Suppose that $(E,H)$ is a rigged (infinite dimensional, separable) Hilbert space, i.e. $H$ is a Hilbert space, and $E$ is a Fréchet space, equipped with a continuous linear injection $E \rightarrow H$ with dense image.

Define now the group $U(E,H)$ to consist of those invertible, continuous, linear transformations on $E$, which extend to unitary transformations of $H$.

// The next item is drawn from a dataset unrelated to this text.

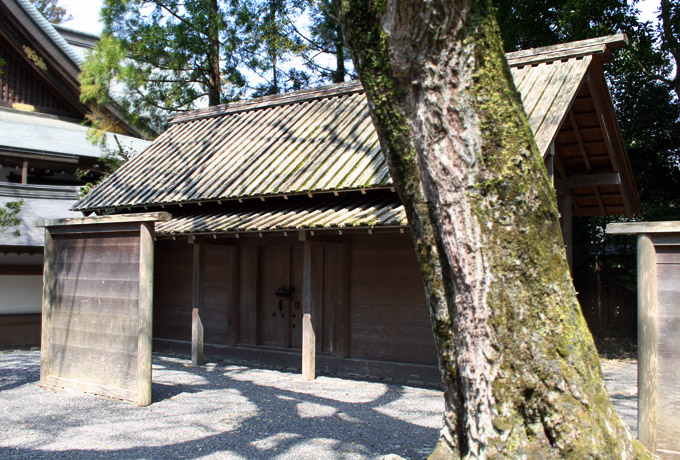 Ise Jinguu Naikuu Misakadono 伊勢神宮内宮御酒殿 (Mie)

What is known about the group $U(E,H)$?

For example:

- Does the map $U(E,H) \rightarrow U(H)$ have dense image?
- Is it a Fréchet Lie group? If so:
- What is its Lie algebra? Is it just the continuous linear skew-adjoint operators on $E$?
- Is the map $U(E,H) \times E \rightarrow E$ smooth?
- Do the smooth vectors of the representation $U(E,H) \times H \rightarrow H$ consist exactly of $E$?

- Is $U(E,H)$ contractible?

I am most interested in the case that $E$ is a nuclear Fréchet space.

Perhaps a good first step towards a Fréchet Lie group structure on $U(E,H)$ would be to equip the space of skew operators on $E$ with the structure of Fréchet (Lie) algebra. It's not so obvious to me how this should go. Is there anything known in this direction?